Even as he steps away from a campaign for the state Senate, former Del. Joseph Morrissey is busy opposing the state’s effort to reinstate felony charges for a maneuver during a plea hearing that prosecutors say smacked of “gamesmanship.”

A Virginia Court of Appeals panel will hear arguments Monday in the state’s bid to revive charges that Morrissey lied under oath and presented a falsified document to a judge.

Those charges were dismissed in April when the judge decided the new charges were covered by an immunity clause in a prior plea deal, the deal in which Morrissey pleaded guilty to contributing to the delinquency of a 17-year-old girl.

A three-judge Court of Appeals panel granted the prosecution’s pretrial appeal June 11, clearing the way for a full hearing on the merits of the issues. That hearing is set for Monday.

In briefs filed with the court, state lawyers say the decision to toss the perjury and related charges against Morrissey was a “hyper-technical, rigidly formalistic” ruling, contrary to public policy.

Morrissey responded that the special provisions allowing prosecutors to appeal a pretrial ruling do not permit the appeal to be heard at all. The judge tossed the perjury charges against Morrissey on two bases, and only one can support a commonwealth appeal, Morrissey said in his brief.

Judge Alfred Swersky based his dismissal order on both double jeopardy and contract grounds, Morrissey said. Rulings on contract issues are not appealable by the state, Morrissey contends.

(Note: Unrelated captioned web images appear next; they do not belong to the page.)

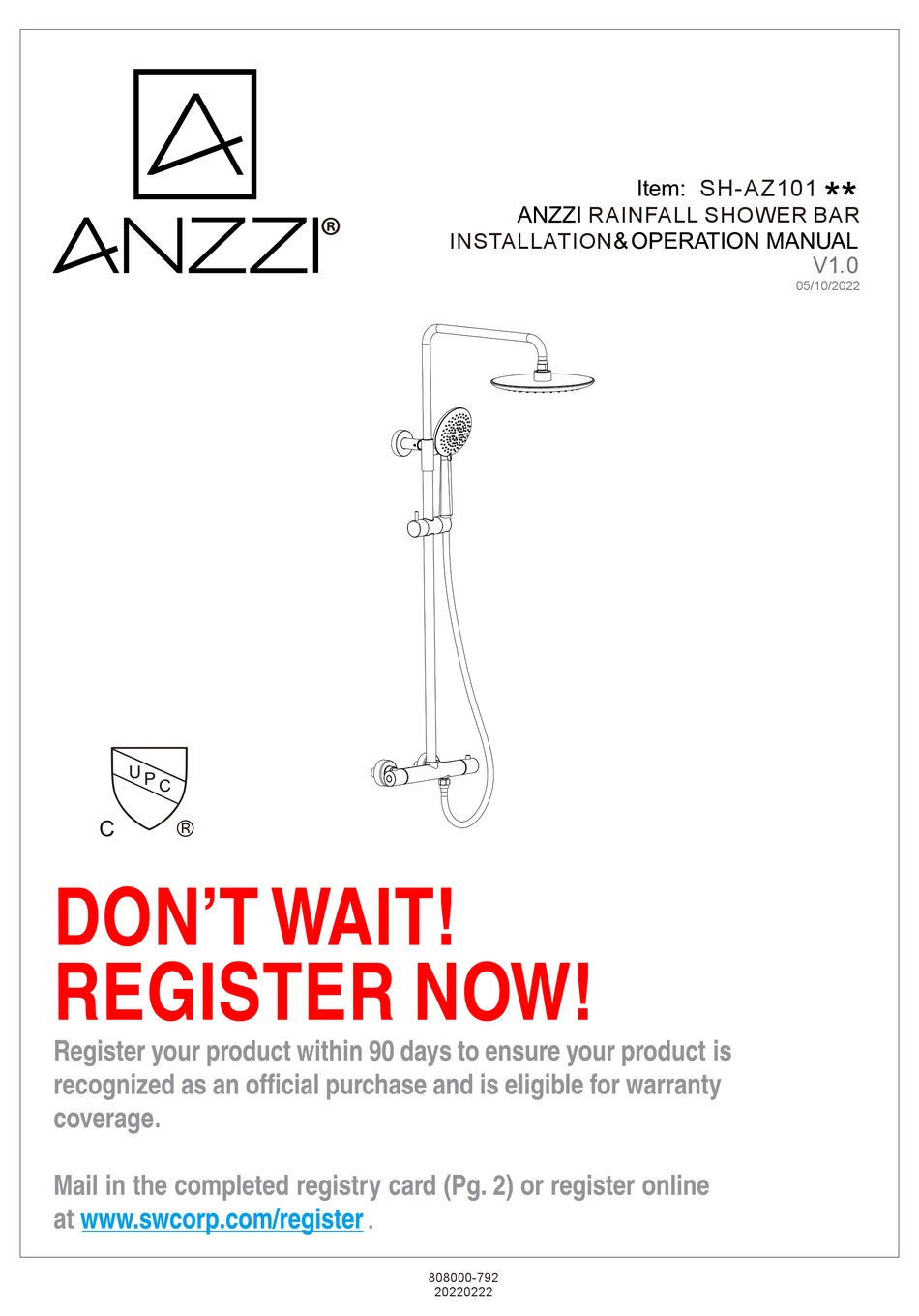 ANZZI SHAZ101 SERIES INSTALLATION & OPERATION MANUAL Pdf Download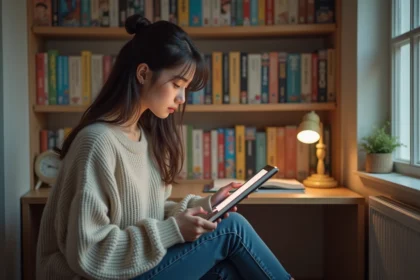 Jeune femme lisant manga sur tablette dans sa chambre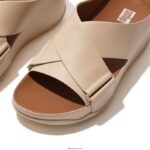 Women SHUV Leather Cross Slides Fitflop 882F168 Stone Beige - Image 4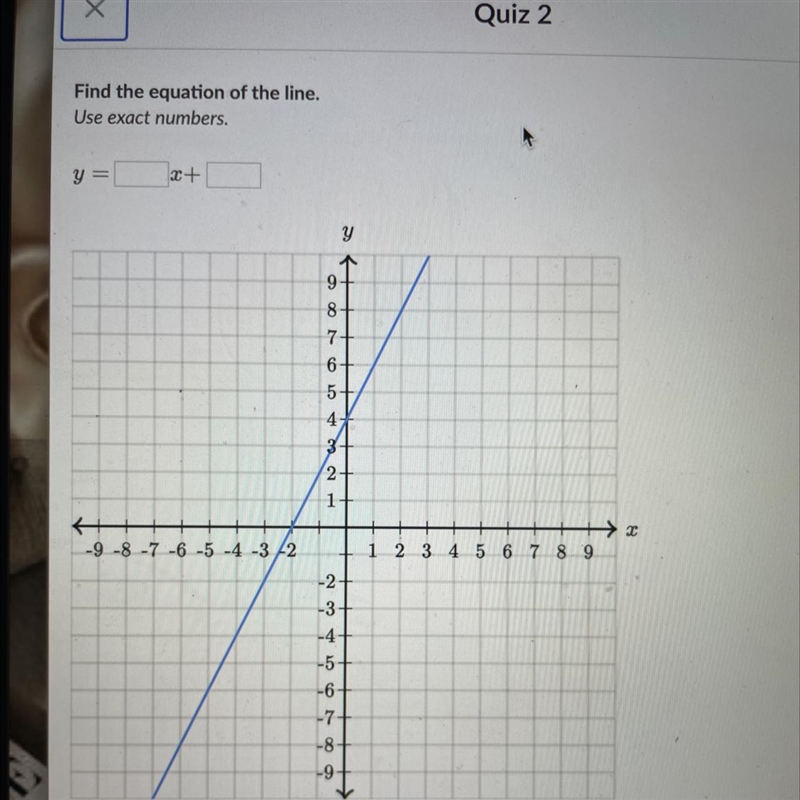 Find the equation of the line (Use exact numbers) Y=___x+___ Please help-example-1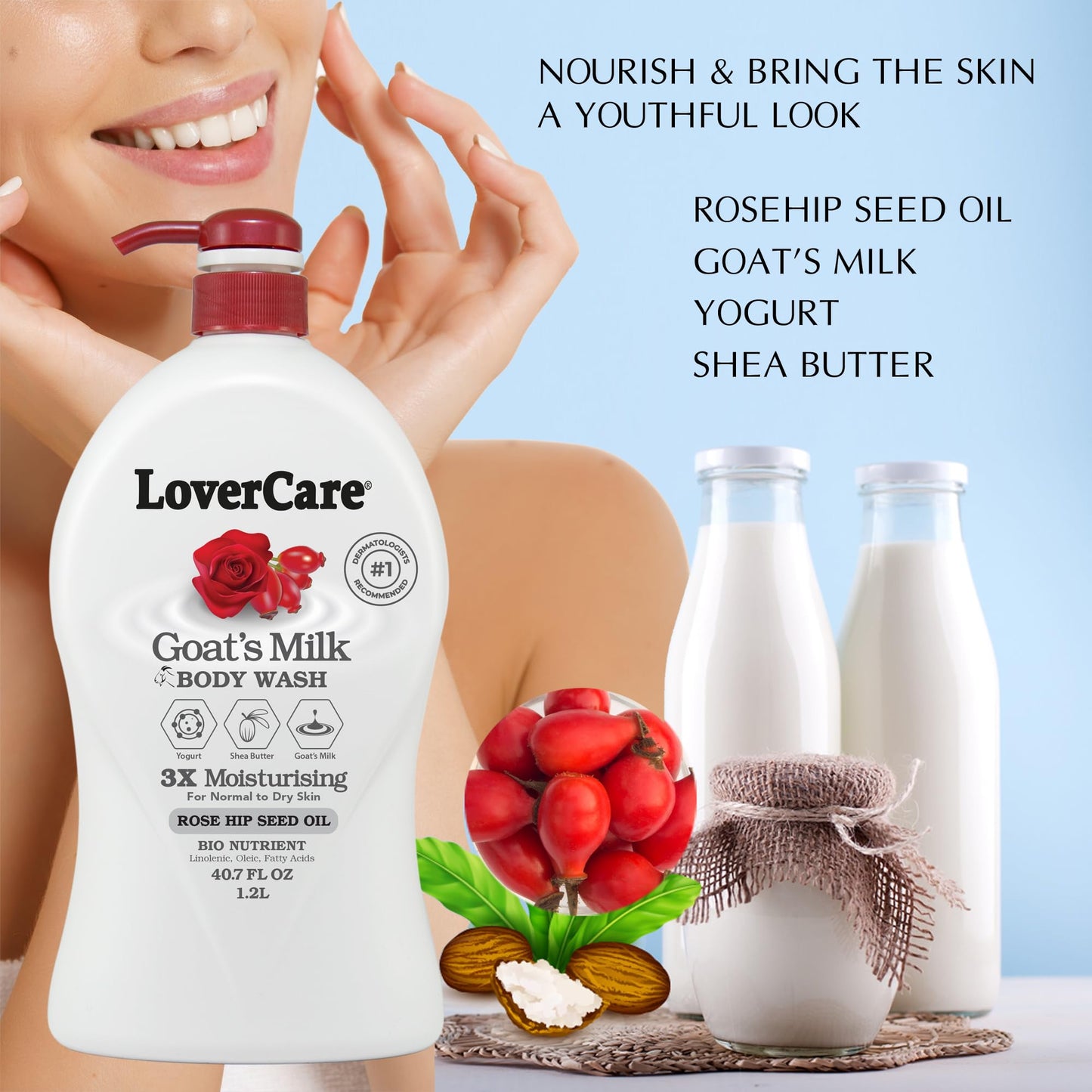 Lovercare Goat's Milk Body Wash Shower Cream 40.7oz/1200ml - Rose Hip Seed Oil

The former legislator also argues the broad “no prosecution” language of his initial plea agreement covers anything he might have done before Swersky accepted the plea agreement.

Morrissey is represented by Richmond attorney Anthony F. Troy. The state’s arguments are made by Senior Assistant Attorney General Robert H. Anderson III.

Morrissey’s statement Thursday withdrawing from a state Senate race made no mention of the pending appeal.

Morrissey had been challenging state Sen. Rosalyn R. Dance, D-Petersburg. He said a troubling medical condition led him to step aside from the campaign.

Morrissey’s colorful history includes disbarment and then reinstatement of his law license, frequent dissenting oratory in the House of Delegates and the allegations of his relationship with the teenage office staffer that sparked the recent criminal charges.